This is a Really Real Mental Health Post.
One of the tenets of DBT is nonjudgmental stance. The idea that you can observe something without judgement, without seeing it as right or wrong, good or bad. This can be applied to anything that can be observed, emotions, situations, behaviors, feelings or sensations.
Why do we judge everything?
We were brought up in a society where everything is labeled as right or wrong, good or bad, things are seen in the binary, unable to exist in the grey area, or to just exist as they are. As children we are taught that behaviors are good or bad. Emotions are positive or negative. Our reactions to those emotions are acceptable or unacceptable. We are punished or praised.
We often begin judging ourselves as good or bad, judging others as good or bad.
A behavior is just that, a behavior, a reaction to an event. What if all behaviors were learning opportunities instead of opportunities for judgement? What if emotions were all seen as relevant, neutral occurrences?

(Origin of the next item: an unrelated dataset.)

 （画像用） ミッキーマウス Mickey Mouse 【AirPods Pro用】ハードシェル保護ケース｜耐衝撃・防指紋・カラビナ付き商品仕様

What if we allowed our children and ourselves to express our emotions without judgement?
What if we didn’t stand in constant judgement of ourselves and others?
I have a really really hard time with this.
I’m constantly judging myself.
“That wasn’t good enough.” “You fucked up.” “Depression is the negative side, Hypomania is the more positive side.” “Good thoughts, Bad thoughts”
In turn, it’s easier to place judgement on others. I am so used to judgmental thoughts running through my head that they are easily directed at those around me. Friends, family, those I love and care about. I say I am a nonjudgmental person, but in reality that is what I’m striving for but have been unable to do, yet.
We often judge that which we most want to change in ourselves.
But changing this behavior will start with correcting my own self talk.
Non-judgmentally sitting with my own thoughts, feelings, and actions will allow me to better see and hear others actions in a nonjudgmental way.
Growth and moving away from toxic behaviors.